## What you should do
Return only the lines below starting at the line containing "Mengubah ruang latihan" and ending at the line containing "Ce1i*e SOFT TRIOMPHE", both included, exactly as they are and with no pictures.

━━━ Data records

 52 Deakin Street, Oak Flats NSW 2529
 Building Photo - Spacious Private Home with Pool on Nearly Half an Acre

━━━━━━
━━━ Data records

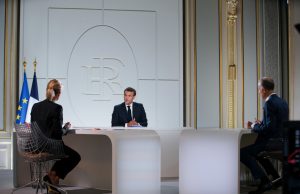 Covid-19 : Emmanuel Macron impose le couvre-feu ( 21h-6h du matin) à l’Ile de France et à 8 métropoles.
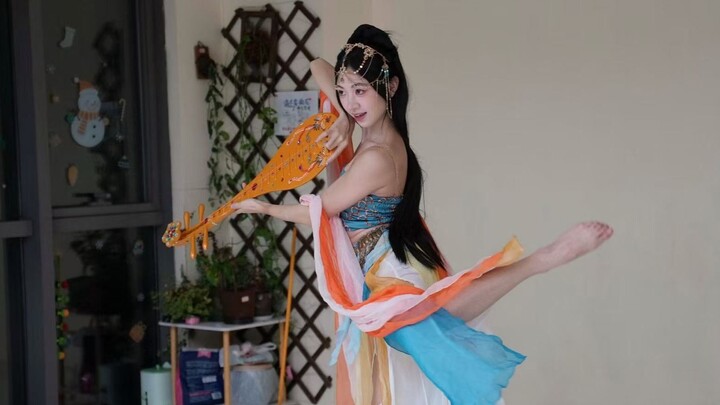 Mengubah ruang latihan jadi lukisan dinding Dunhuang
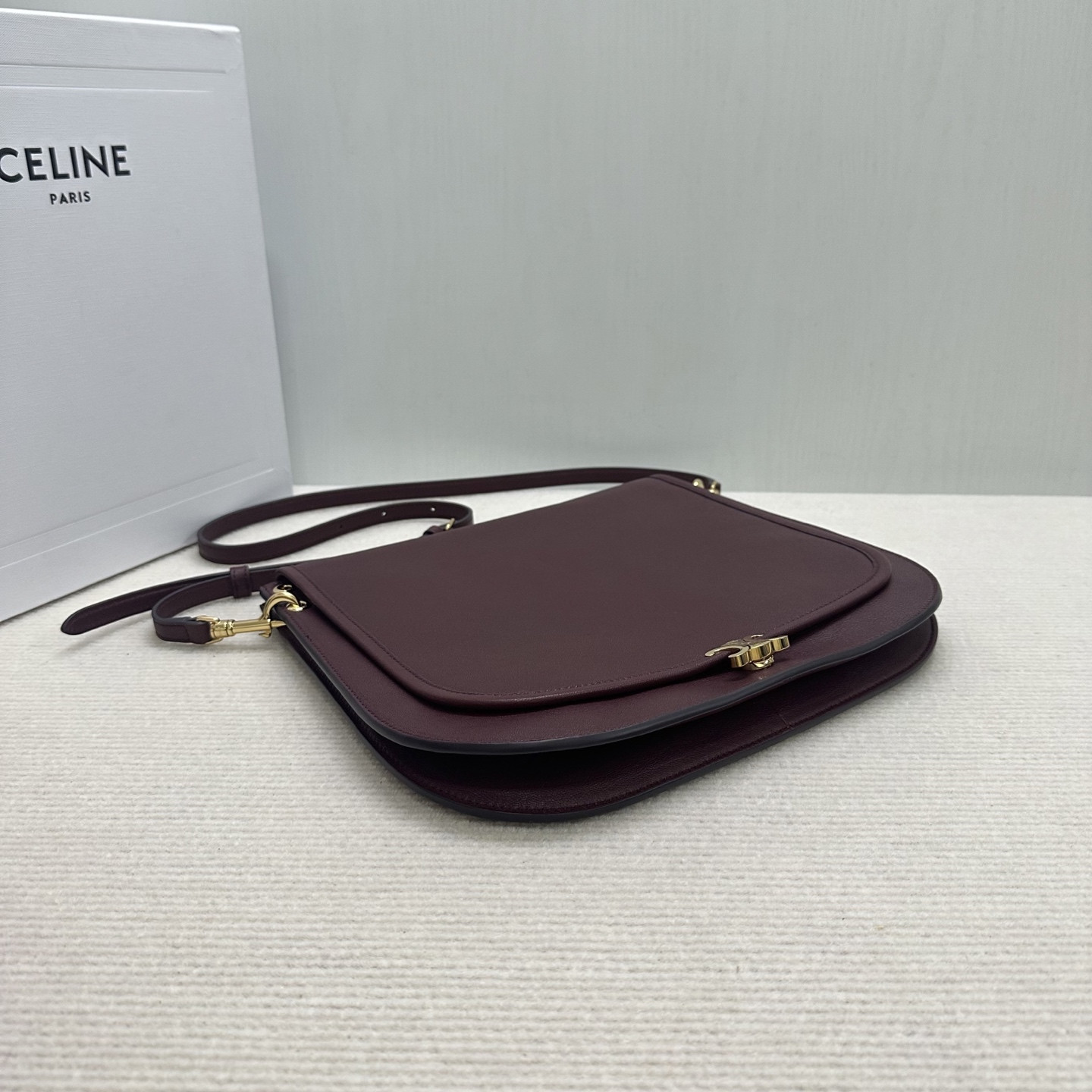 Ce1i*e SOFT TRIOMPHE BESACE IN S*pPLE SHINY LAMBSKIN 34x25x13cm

━━━━━━
━━━ Data records

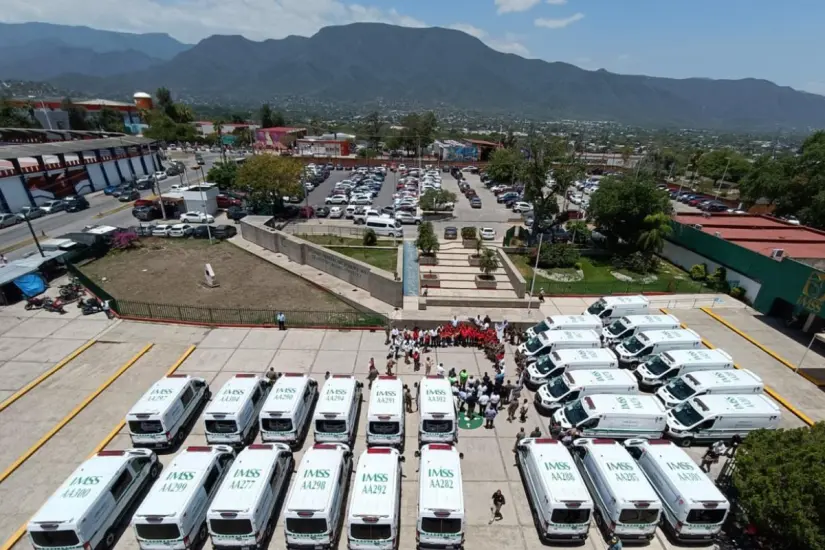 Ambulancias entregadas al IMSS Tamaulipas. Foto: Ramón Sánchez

━━━━━━

## Solved problem
 Mengubah ruang latihan jadi lukisan dinding Dunhuang
 Ce1i*e SOFT TRIOMPHE BESACE IN S*pPLE SHINY LAMBSKIN 34x25x13cm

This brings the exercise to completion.